DARPA Awards for Research
Packet Forensics originally won a $1.2 million HACCS contract on 4 Sept. 2018, and then won a $10 million modification to this contract later that month, and then another $10 million modification in September 2019. Packet Forensics is developing the techniques and software necessary to measure the accuracy of identifying botnet-infected networks, the accuracy of identifying the type of devices residing in a trusted-computing network, and the stability of potential access vectors. Kudu Dynamics LLC in Chantilly, Va.; Sotera Defense Solutions Inc. in Herndon, Va.; and to Aarno Labs LLC in Cambridge, Mass., also have been involved in the HACCS project.
Packet Forensics will measure the effectiveness of denying, degrading, and disrupting botnets and individual botnet implants without affecting the systems and networks where they reside. Packet Forensics will identify and fingerprint not only botnet-conscripted networks to determine the presence of botnet implants, but also the number and types of devices present on said networks, and the software services running on these devices. The company will generate non-disruptive software exploits for many known vulnerabilities that could establish initial presence in each botnet-conscripted network without affecting legitimate system functionality. In addition, Packet Forensics will create software agents that autonomously navigate within botnet-conscripted networks, identify botnet implants, and neutralize them or otherwise curtail their ability to operate, while minimizing network side effects. On this order Packet Forensics will do the work in Virginia Beach, Va., and should be finished by August 2020.

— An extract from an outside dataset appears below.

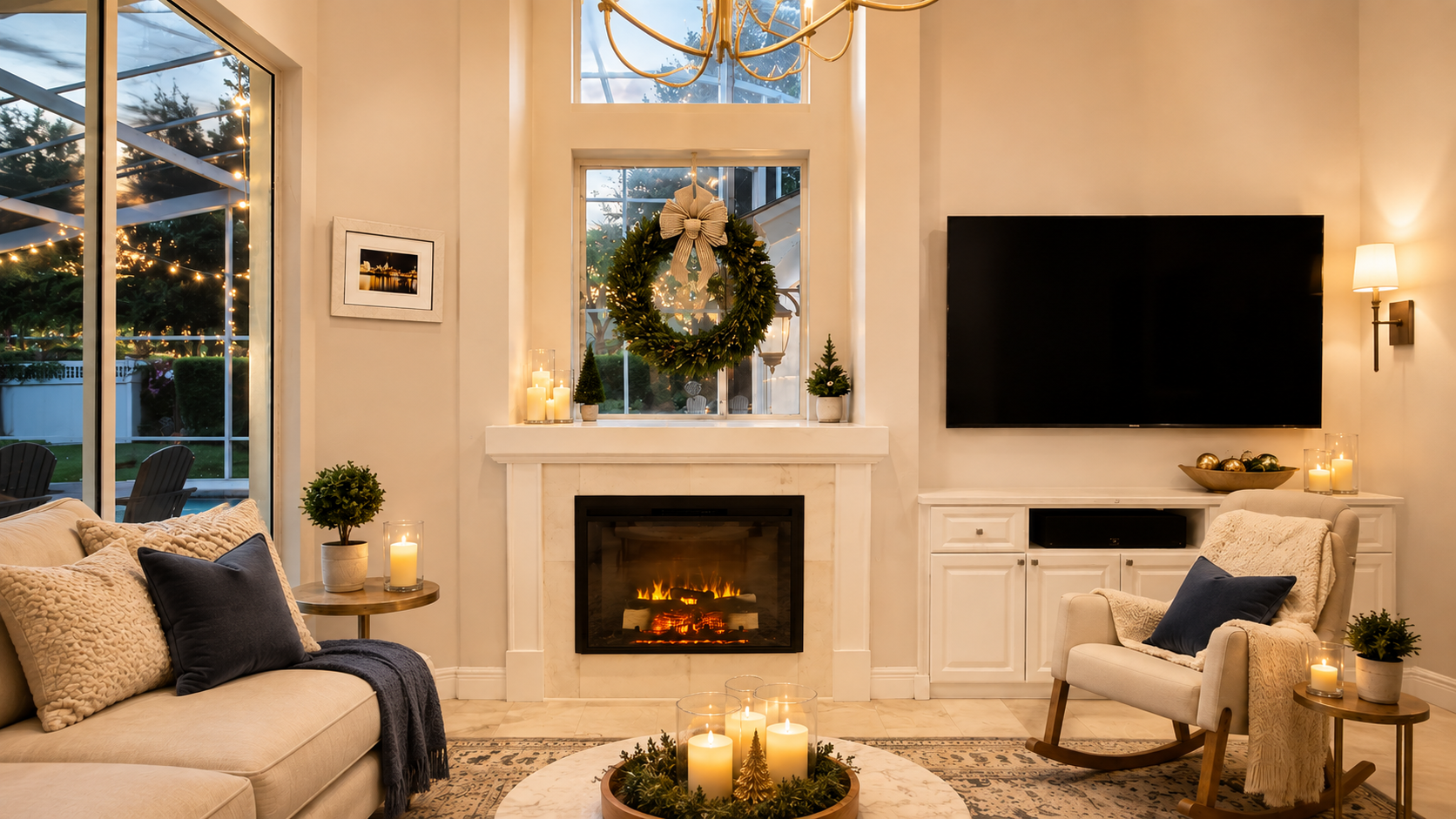 Warm custom living room with fireplace, built-ins, tall windows, and refined holiday styling.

During phase one of the three-part project, Packet Forensics will build a technology capable of scanning some five percent of global IP addresses and detecting botnets with 80 percent accuracy. By the end of the program, DARPA anticipates the system to analyze 80 percent of the global internet and correctly spot botnets 95 percent of the time.
The Defense Advanced Research Projects Agency (DARPA) selected Systems Technology & Research, Woburn, Massachusetts, for a research project under the Harnessing Autonomy for Countering Cyberadversary Systems (HACCS) program. The HACCS program aims to develop technologies for accurately identifying malicious cyber-adversary infiltrated networks, generating reliable software exploits for large numbers of known (n-day) vulnerabilities, and creating effective autonomous software agents that can be inserted in the compromised networks via the n-day exploits to safely and reliably neutralize cyber-adversary software agents.
The company will provide its efforts under a $8,701,466 cost-plus-fixed-fee contract, and the work will be performed in Woburn; Portland, Oregon; and Columbus, Ohio, with an expected completion date of April 2022. Fiscal year 2017 research, development, test and evaluation (RDT&E) funding in the amount of $125,000; and FY 2018 RDT&E funding in the amount of $500,000, are being obligated at time of award.
DARPA also awarded a $7,474,245 cost-reimbursement type contract to Arizona State University, Tempe, Arizona, for the HACCS program. Work will be performed in Tempe, Arizona; Santa Barbara, California; Melbourne, Florida; and Scottsdale, Arizona, with an expected completion date of April 2022. Fiscal year 2017 RDT&E funding in the amount of $93,000; and fiscal year 2018 RDT&E funding in the amount of $400,000 are being obligated at the time of award. On April 10, the agency also selected Kudu Dynamics, Chantilly, Virginia, to support the HACCS program, with a $7,913,091 contract award.